JAKARTA - Sudah bukan rahasia, Bali salah satu surganya pengembara digital alias digital nomad. Tidak hanya karena iklim tropisnya, tapi juga karena rendahnya biaya hidup di sana. Tapi bukan rahasia lagi, banyak digital nomad yang berbasis di Bali beroperasi secara diam-diam.

Mereka umumnya datang sebagai turis, tapi menyelesaikan pekerjaan mereka di sana untuk perusahaan-perusahaaan yang berbasis di luar negeri. Mereka legal berada di Bali, tapi menghindar dari kewajiban membayar pajak penghasilan di Indonesia.

Paling tidak, itu diakui Sarah, bukan nama sebenarnya, seorang penerjemah dari Spanyol. "Saya terpaksa mengaku sebagai turis. Saya beberapa kali keluar masuk Bali, untuk bisa bekerja di sini. Kadang ke Singapura, kadang ke Malaysia, baru kembali lagi ke sini," katanya, baru-baru ini.

Namun, dia membantah tidak bersedia membayar pajak.
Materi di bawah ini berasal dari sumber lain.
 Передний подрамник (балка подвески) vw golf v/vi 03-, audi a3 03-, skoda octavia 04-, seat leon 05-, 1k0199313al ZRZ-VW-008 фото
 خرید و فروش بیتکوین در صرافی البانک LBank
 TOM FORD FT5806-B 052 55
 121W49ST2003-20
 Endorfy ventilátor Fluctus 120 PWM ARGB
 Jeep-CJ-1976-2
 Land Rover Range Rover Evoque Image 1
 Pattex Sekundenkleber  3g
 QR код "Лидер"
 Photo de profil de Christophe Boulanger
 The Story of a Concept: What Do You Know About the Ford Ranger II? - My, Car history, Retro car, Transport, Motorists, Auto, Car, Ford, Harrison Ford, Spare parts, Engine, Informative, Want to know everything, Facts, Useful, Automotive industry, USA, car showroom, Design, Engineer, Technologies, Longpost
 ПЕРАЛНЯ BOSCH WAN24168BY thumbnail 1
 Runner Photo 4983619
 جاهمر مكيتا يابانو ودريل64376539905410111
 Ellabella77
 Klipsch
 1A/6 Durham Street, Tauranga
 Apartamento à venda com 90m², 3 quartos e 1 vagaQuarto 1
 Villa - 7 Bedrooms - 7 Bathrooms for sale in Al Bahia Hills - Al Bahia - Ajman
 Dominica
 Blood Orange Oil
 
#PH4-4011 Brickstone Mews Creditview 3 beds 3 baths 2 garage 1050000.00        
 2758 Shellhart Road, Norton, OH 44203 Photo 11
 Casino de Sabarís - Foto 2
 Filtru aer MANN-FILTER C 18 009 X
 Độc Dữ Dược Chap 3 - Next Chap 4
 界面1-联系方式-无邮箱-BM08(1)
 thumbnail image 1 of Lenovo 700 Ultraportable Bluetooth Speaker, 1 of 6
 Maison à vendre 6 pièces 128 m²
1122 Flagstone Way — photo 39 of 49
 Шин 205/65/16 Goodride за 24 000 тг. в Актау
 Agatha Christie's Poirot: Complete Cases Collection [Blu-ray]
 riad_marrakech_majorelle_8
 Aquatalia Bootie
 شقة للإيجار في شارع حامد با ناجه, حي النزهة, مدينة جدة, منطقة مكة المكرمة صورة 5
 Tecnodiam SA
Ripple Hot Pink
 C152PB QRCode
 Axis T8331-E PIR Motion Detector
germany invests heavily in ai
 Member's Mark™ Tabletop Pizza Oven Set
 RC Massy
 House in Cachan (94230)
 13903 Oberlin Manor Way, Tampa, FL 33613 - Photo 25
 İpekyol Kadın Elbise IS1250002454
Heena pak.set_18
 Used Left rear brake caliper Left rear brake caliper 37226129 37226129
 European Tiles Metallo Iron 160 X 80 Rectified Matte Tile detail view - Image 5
Ia mengaku memenuhi kewajiban pajaknya lewat perusahaan tempatnya bekerja di Spanyol. Lagi pula, dia berada di Bali untuk periode 3-4 bulan seperti turis pada umumnya. Dia berencana pindah ke Bangkok setelah dari Bali.

Pengakuan serupa disampaikan John, juga bukan nama sebenarnya, seorang kreator konten dari Amerika. "Senang sih tinggal di Bali, tapi selalu deg-degan karena merasa diintai petugas imigrasi," tuturnya.

Pulihkan Perekonomian

John menganggap kehadirannya di Bali menguntungkan dan tidak merugikan masyarakat setempat. Digital nomad seperti dirinya dan teman-temanya ikut membantu memulihkan perekonomian masyarakat Bali. Dalam sebulan, ia menghabiskan rata-rata 2.000-2.500 dollar AS untuk berbagai keperluan.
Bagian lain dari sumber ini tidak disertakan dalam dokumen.